Eh bien nous voici à Cizre. Pour deux nuits, peut-être, si on ne nous expulse pas. Pour le moment, pas vu grand-chose, sauf l’hôtel, qui est de luxe. Et des enseignes Mem et Zin un peu partout. Petrol Mem u Zin, Mem u Zin Market, etc.

Maintenant que nous sommes sous état d’urgence il faut que je pense à caler mes papiers et mes livres sous mes petites culottes et mes affaires de toilettes. S’ils n’aiment pas trop les intellectuels, ils ont encore plus horreur des affaires de femme. C’est d’ailleurs une énigme pour moi.

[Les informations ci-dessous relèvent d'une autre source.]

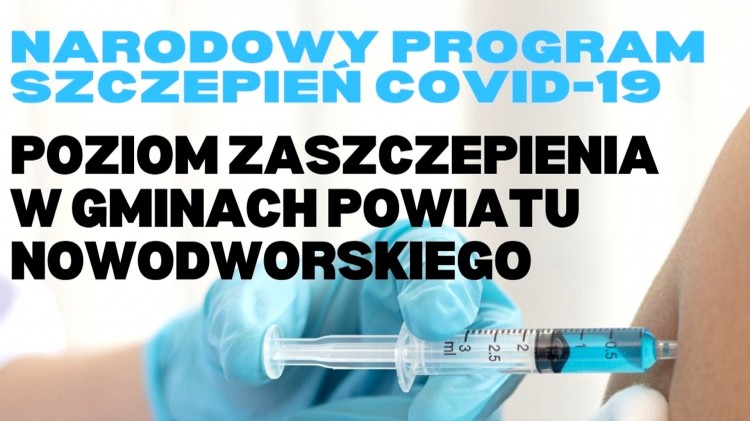 Krynica Morska z największą liczbą osób zaszczepionych w powiecie&#8230;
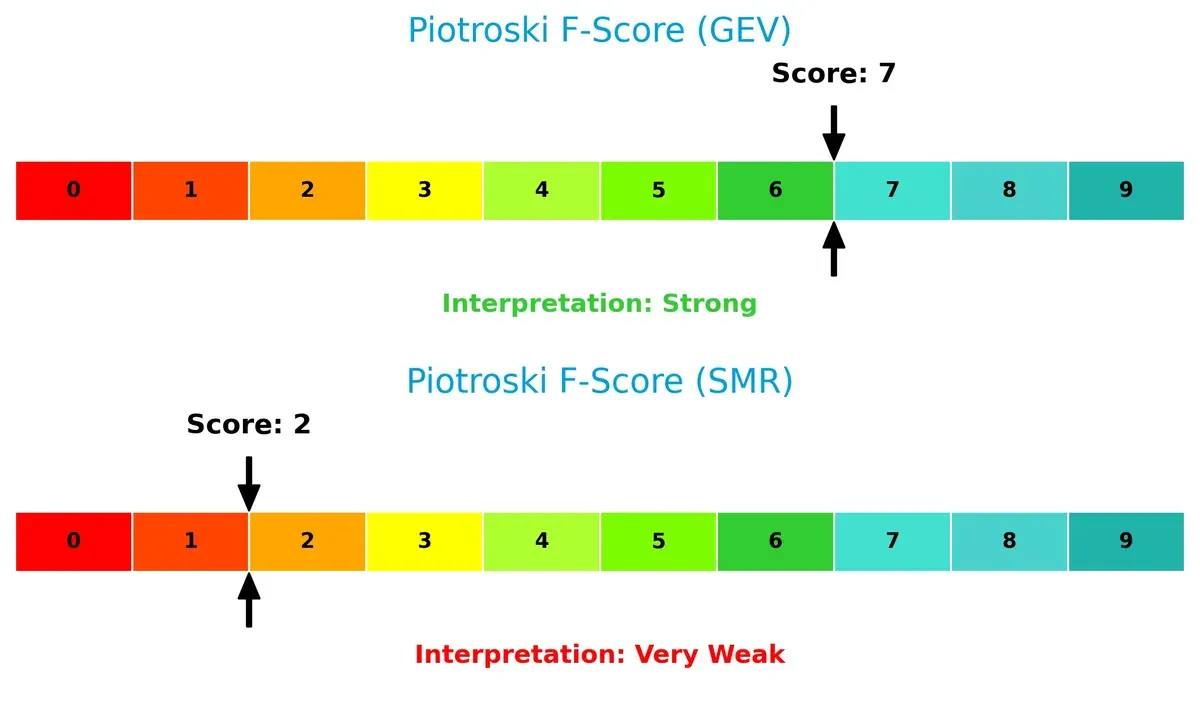 piotroski f score comparison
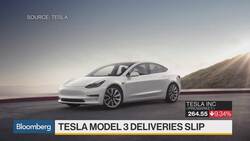 Tesla Analyst Kallo Doesn’t See Flagging Appetite for Model 3 News Clip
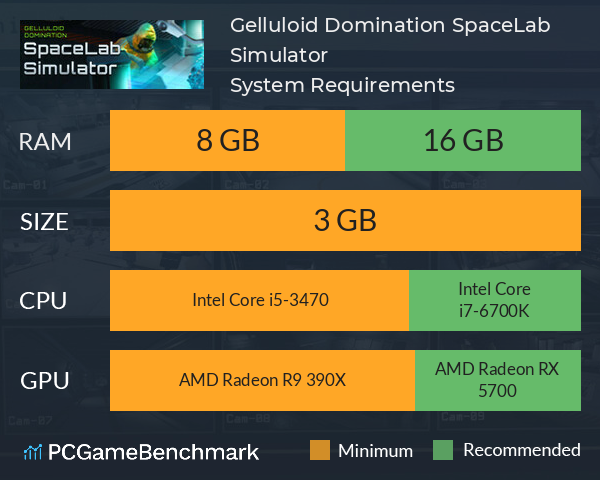 Gelluloid Domination: SpaceLab Simulator System Requirements PC Graph - Can I Run Gelluloid Domination: SpaceLab Simulator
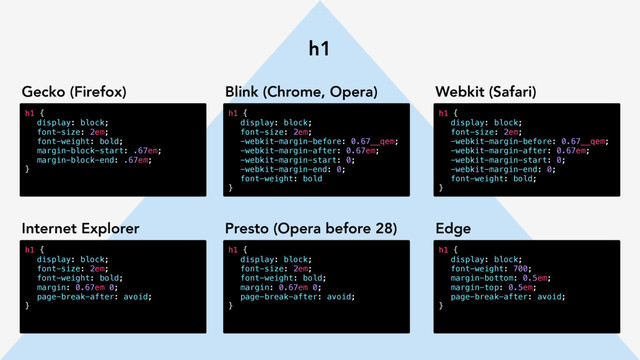 h1
h1 {
display: block;
font-size: 2em;
font-weight: bold;
margin-block-start: .67em;
margin-block-end: .67em;
}
Gecko (Firefox) Blink (Chrome, Opera) Webkit (Safari)
h1 {
display: block;
font-size: 2em;
-webkit-margin-before: 0.67__qem;
-webkit-margin-after: 0.67em;
-webkit-margin-start: 0;
-webkit-margin-end: 0;
font-weight: bold
}
h1 {
display: block;
font-size: 2em;
-webkit-margin-before: 0.67__qem;
-webkit-margin-after: 0.67em;
-webkit-margin-start: 0;
-webkit-margin-end: 0;
font-weight: bold;
}
Internet Explorer Edge
Presto (Opera before 28)
h1 {
display: block;
font-size: 2em;
font-weight: bold;
margin: 0.67em 0;
page-break-after: avoid;
}
h1 {
display: block;
font-weight: 700;
margin-bottom: 0.5em;
margin-top: 0.5em;
page-break-after: avoid;
}
h1 {
display: block;
font-size: 2em;
font-weight: bold;
margin: 0.67em 0;
page-break-after: avoid;
}
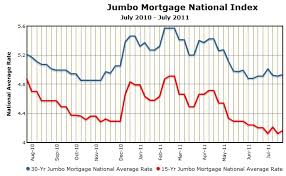 Thoughts Of A Sensible Mortgage Banker
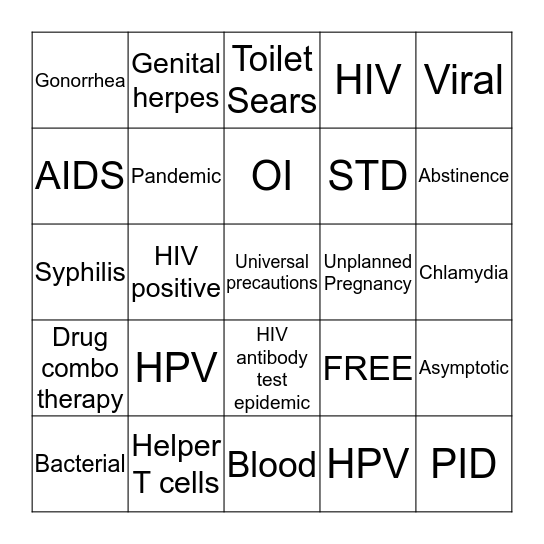 Chapter 20/21 Bingo Card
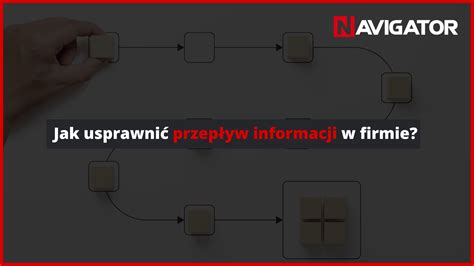 Schemat działania systemu Eremiza, pokazujący przepływ informacji od alarmu do wyjazdu jednostki OSP.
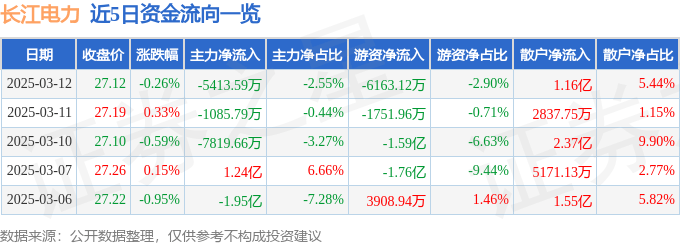 股票行情快报：长江电力（600900）3月12日主力资金净卖出5413.59万元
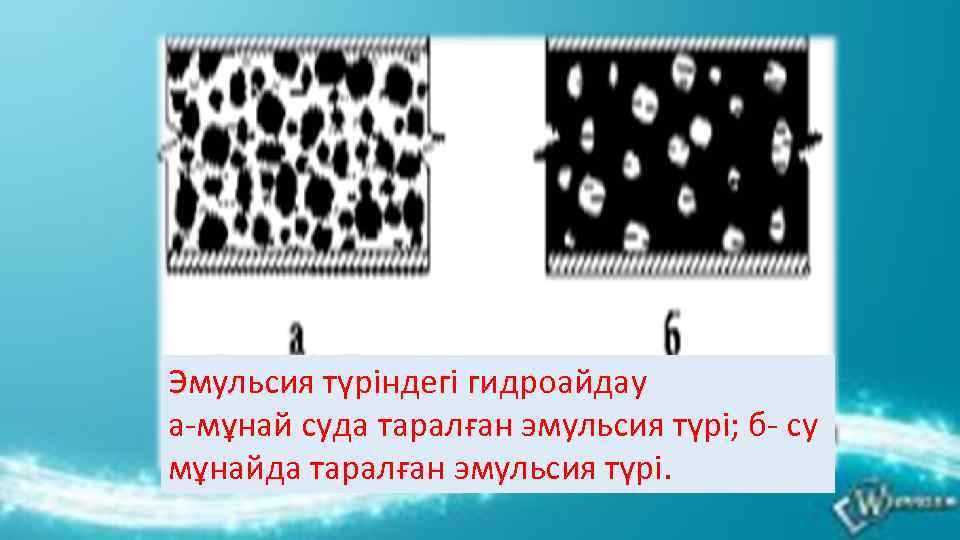 Эмульсия түріндегі гидроайдау а-мұнай суда таралған эмульсия түрі; б- су мұнайда таралған эмульсия түрі.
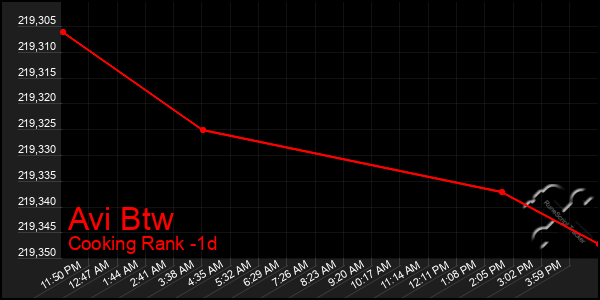 Last 24 Hours Graph of Avi Btw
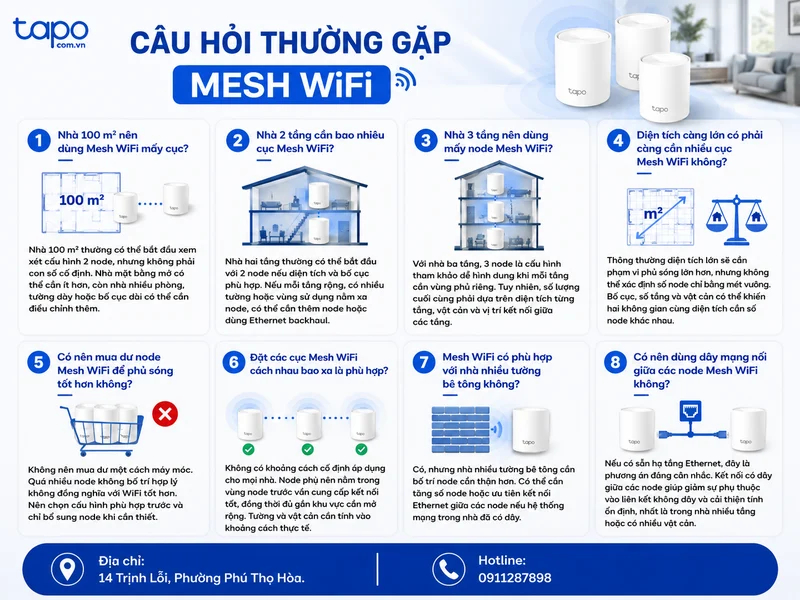 Câu hỏi thường gặp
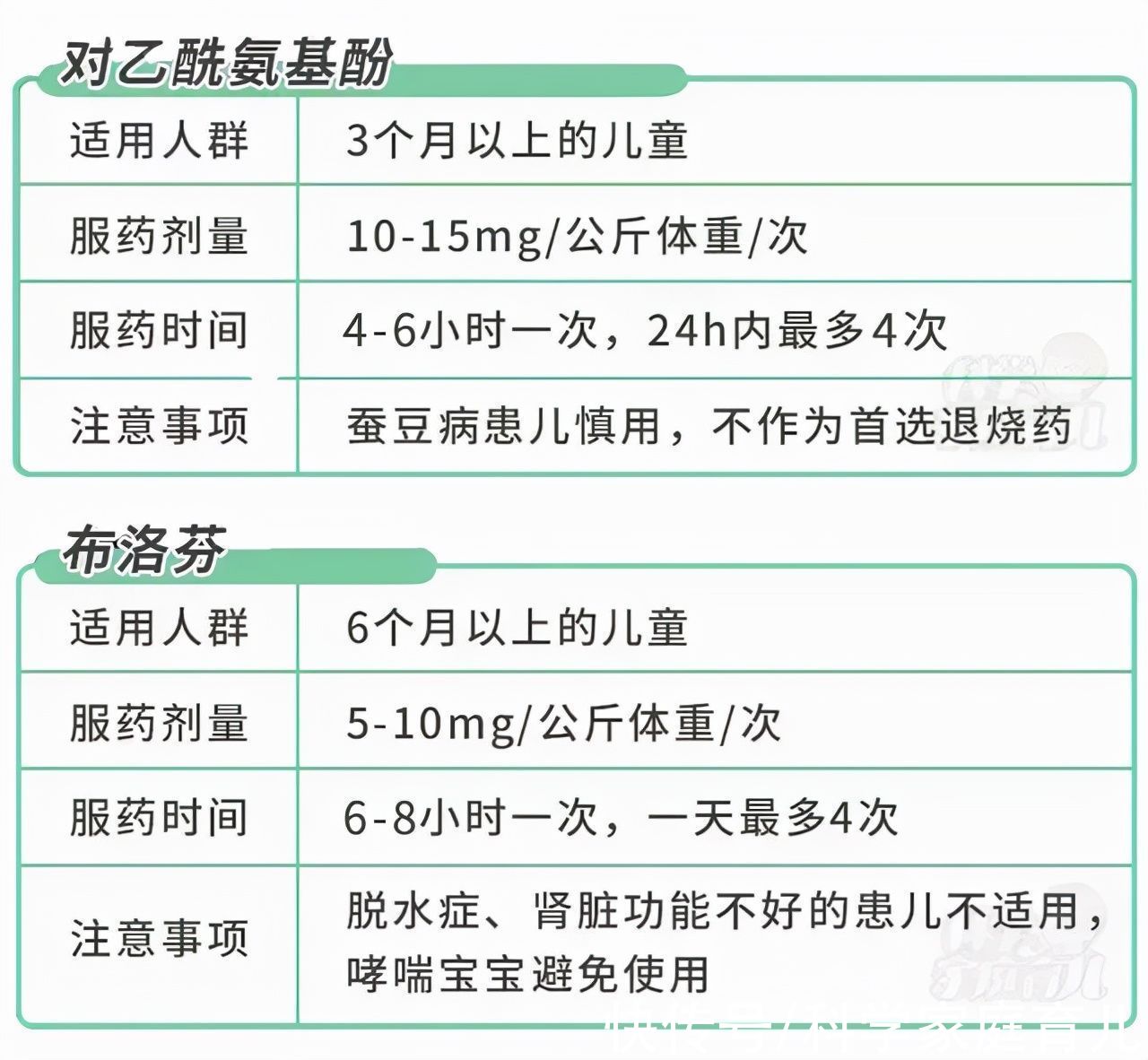 孩子|发烧有真假，退烧有对错！一口气带你分辨，不踩坑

Des grands gaillards qui n’hésiteraient pas à violer dix paysannes kurdes rougissent rien qu’à l’idée de toucher du doigt un baton de rouge à lèvres (d’ailleurs il y a beaucoup de choses qu’on peut trouver dans mon sac mais jamais ça).
A l’hôtel visite traditionnelle de la « Security Police ». Deux jeunes, pas mal physiquement, sympathiques, un gros connard frustré (heureusement un subordonné, et c’est sans doute pour ça qu’il est frustré) et son larbin qui notait.
Le Botan n’a pas changé, il est toujours ôcre et rose. Les gens d’Idil parlent drôlement, très vite, mais de façon mélodieuse, modulée : un accent arabe, indéniablement, on croirait entendre des gens de Damas. Mais ceux de Cizre, je les comprend très bien.
La premiere soirée à Cizre fut employée à sauver l’honneur kurde en fêtant avec du vin notre arrivée dans la ville de Noé, de Malayê Djaziri et d’Ahmedê Khani : Roxane va sûrement raconter comment il a fallu batailler pour cela. Ce gamin avait une tête a faire partie du KADEK. A l’OFK, il faut toujours qu’on attire sur nous la fureur des bien-pensants. On doit émettre des ondes pour cela. Mais nous avons trinqué. Aux poètes, aux amoureux, à nous.